Si les habitants paraissent libres, ils ne jouissent en fait que d'un régime économiquement libéral. S’ils paraissent égaux, ce n'est qu'une égalité des chances à leur installation. De toute façon, l'inégalité et l'absence de libertés individuelles proviennent surtout de l'état de la société médiévale.
Pour permettre l'établissement de ces privilèges, les bastides ont dû refuser l'établissement en elles de classes ayant déjà des obligations ou privilèges, incompatibles avec ceux-ci. Ainsi, les serfs, les nobles et les religieux sont interdits d’installation dans la ville[réf. nécessaire]. Certains petits nobles vont préférer troquer leur titre de noblesse contre celui plus lucratif de bourgeois et faire don de leurs terres à la bastide. Si les hommes et les femmes ont des statuts différenciés, on remarque que les femmes possèdent une pleine capacité juridique dès lors qu'elles sont chef de famille (veuves) : elles contractent, achètent, vendent, testent, administrent des commerces, votent pour élire les consuls.
Les lépreux ne sont pas bienvenus dans les bastides.

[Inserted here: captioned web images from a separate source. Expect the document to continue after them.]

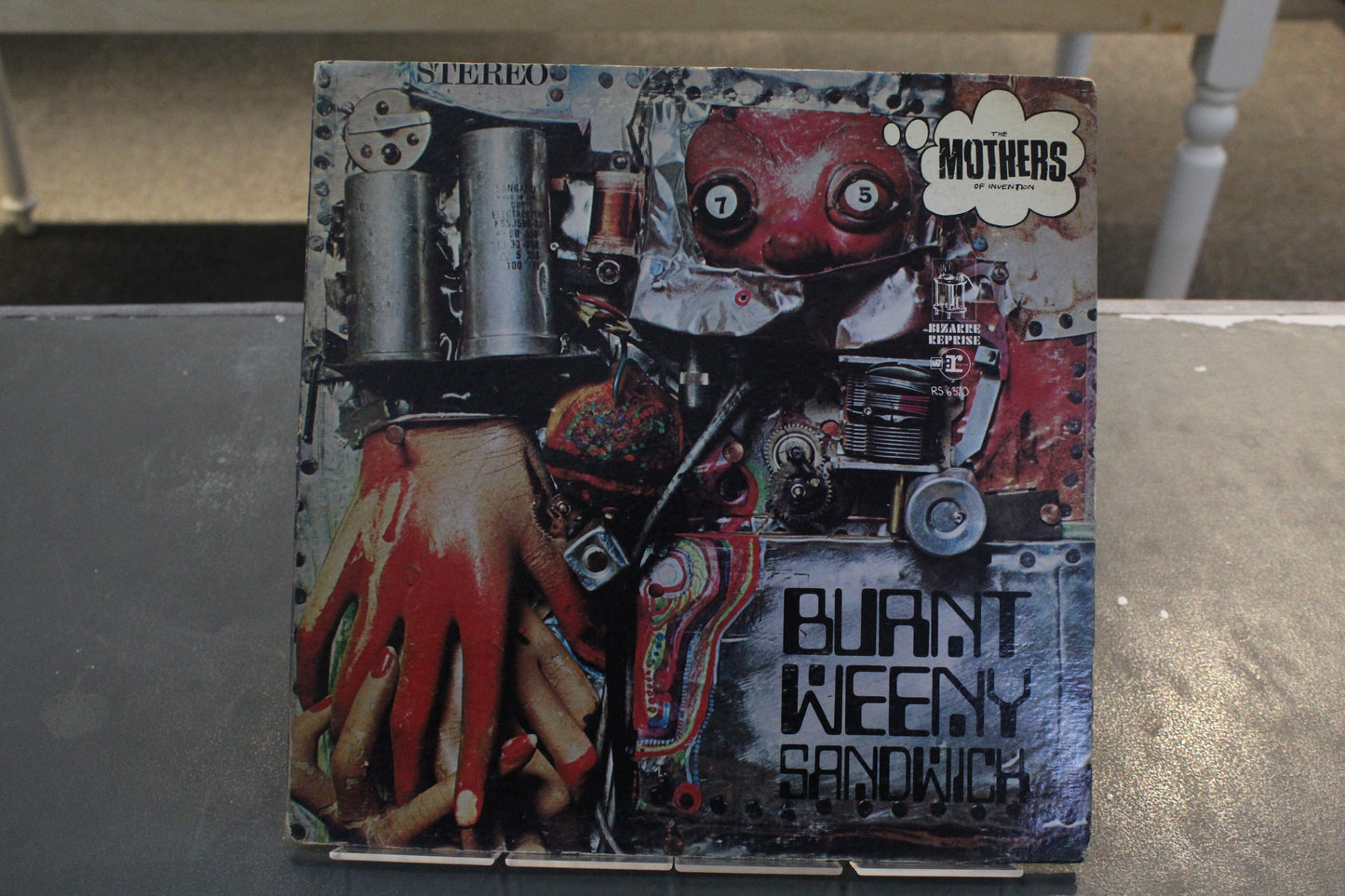 The Mothers of Invention: Burnt Weeny Sandwich album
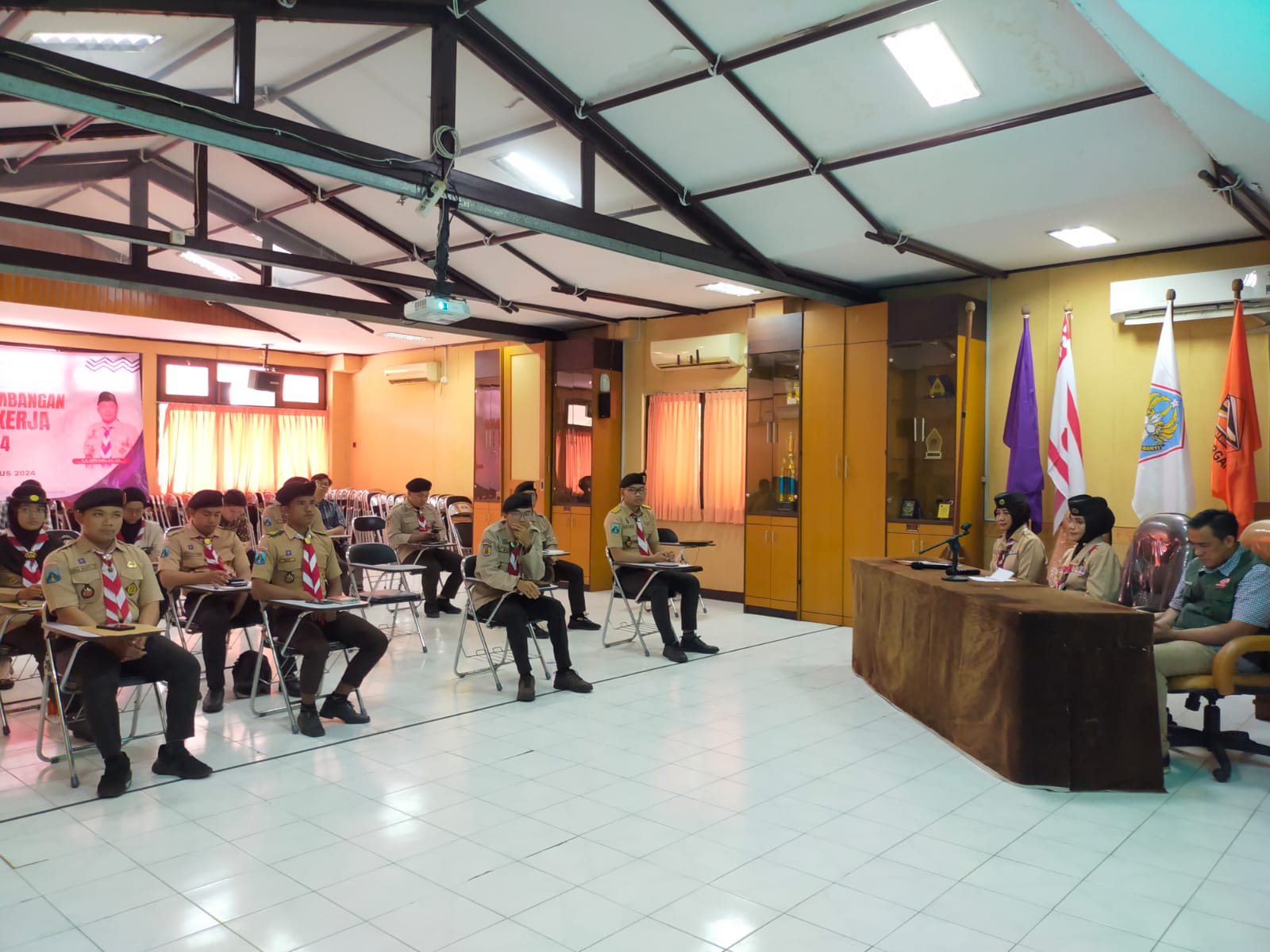 Bekali Keterampilan Dewan Kerja, Kwarda Jatim Selenggarakan Pelatihan Pengembangan SDM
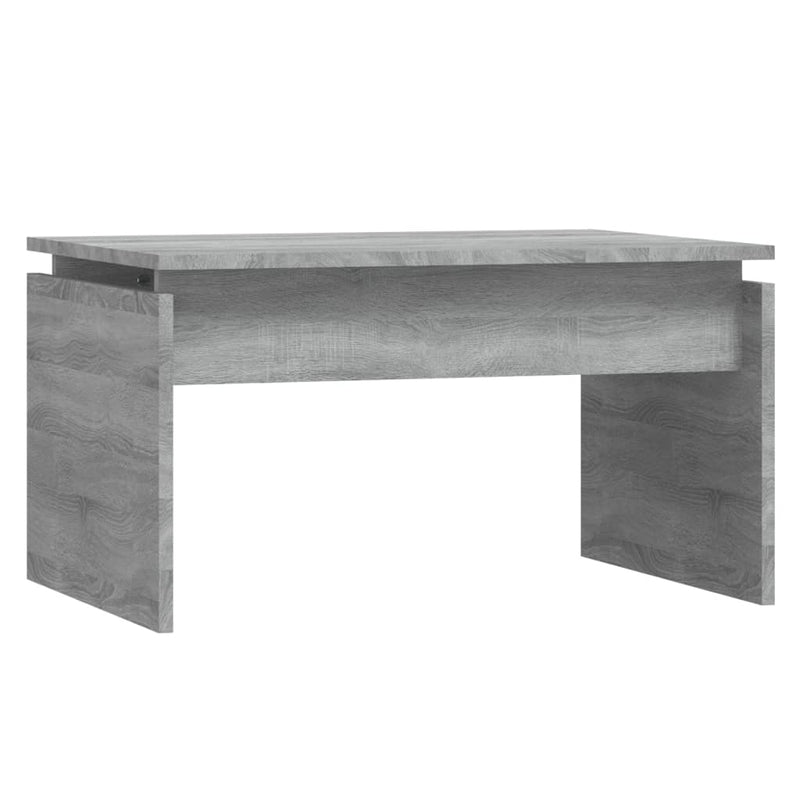 Couchtisch Grau Sonoma 68x50x38 cm Holzwerkstoff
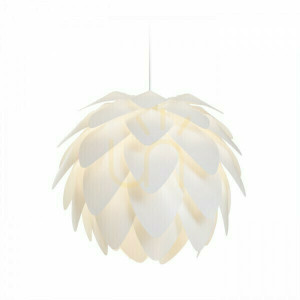 Lampa Wisząca Encombre Białe Pcv 230 V E27 42 W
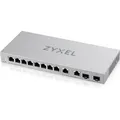 Zyxel Switch 12-Port Giga-/MultiGig 8x 1G + 2x 2.5G + 2x 10G SFP+ XGS1210-12-ZZ0102F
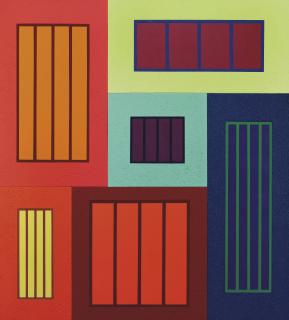 Peter Halley - Weird Science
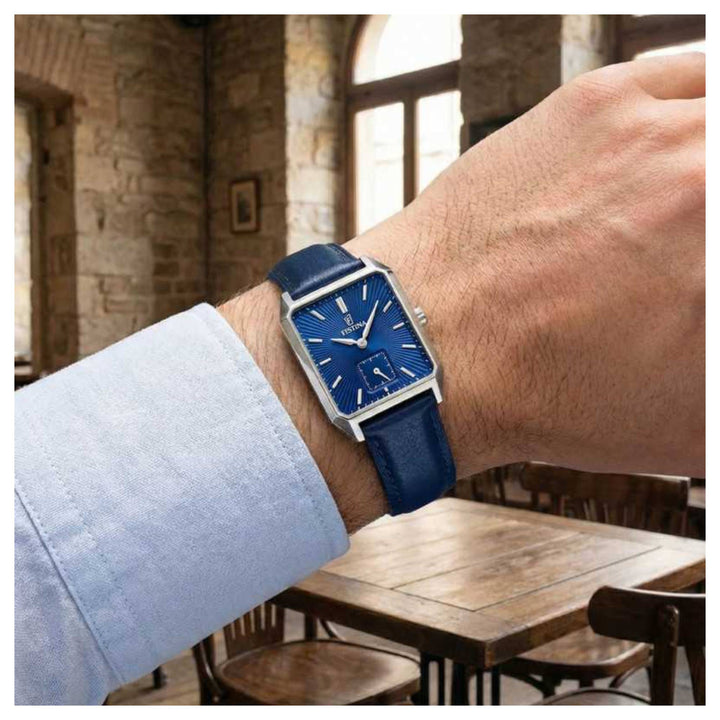 Festina F20779/3 Men's On The Square Quartz Watch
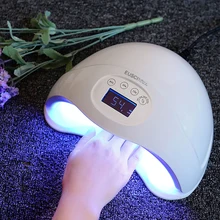 EUSCI сушилка для ногтей SUN 5Plus УФ светодиодный светильник для Сушилка для ногтей 48 Вт льдинка светильник для маникюра лампа для сушки гелевых ногтей сушильная лампа для гель-лака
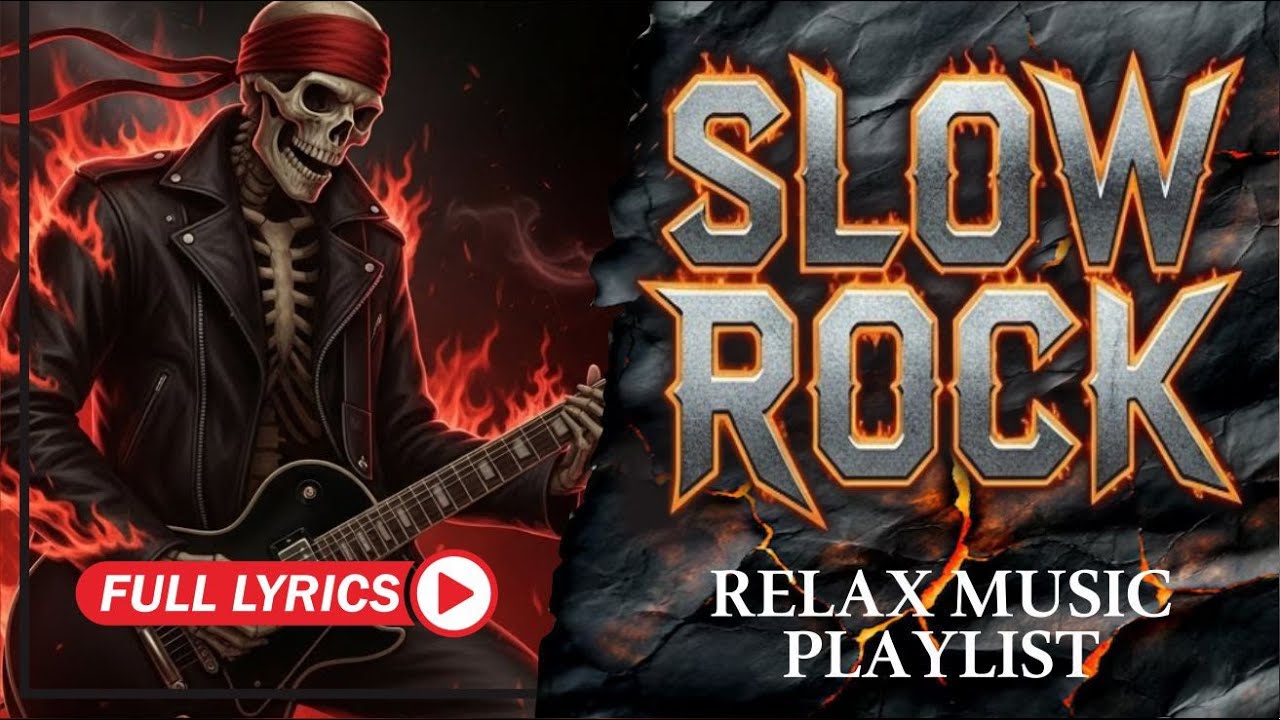 Best Slow Rock Ballads Ever 🎶 Classic Love Songs That Heal the Soul with Lyrics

Des léproseries les accueillent dans quelques bastides, mais ils sont de toute façon exclus de la société. Ils sont obligés de porter un insigne montrant qu'ils sont malades et ils doivent vivre à part des personnes saines. La législation de la Gascogne entre 1290 et 1326 dit même : « Dans les bastides ou nouveaux villages où ne se trouve pas une léproserie, les lépreux ne peuvent recevoir l'aumône. »
Les juifs ne font pas l'objet de mesures explicites d'exclusion des bastides, mais il n'est pas non plus prévu de quartier particulier qui leur permettrait d'y vivre en communauté religieuse séparée, comme c'est le cas avec les judearia dans les anciennes villes (avant leur bannissement du royaume à partir de 1306 par Philippe le Bel). D'autre part, il faut garder à l'esprit que la cohésion sociale de ces villes nouvelles qui rassemblent des familles étrangères de provenances diverses est fondée sur la paroisse catholique et sur le calendrier des fêtes religieuses.
Pour célébrer la fondation d'une bastide, une manifestation est organisée par le fondateur sur le site choisi en réunissant les représentants du (ou des) fondateur(s) et les notables. Évêques, notaires, juges et seigneurs locaux s'y retrouvent avec des gens du peuple, ces derniers étant le plus souvent les futurs habitants de la bastide fondée. Lors de cette cérémonie - appelée fixatio pal -, un long pieux – le pal - avec les armoiries du fondateur, est planté dans le sol. Cet événement est cité dans plusieurs textes fondateurs de l'époque, comme des contrats de paréage. C'est l'occasion aussi de faire lecture publique à voix haute de la charte de coutumes (quand elle existe à ce moment-là) à la population présente. Des crieurs publics continuent cette lecture dans la campagne environnante de la bastide, pour informer les absents ou les indécis.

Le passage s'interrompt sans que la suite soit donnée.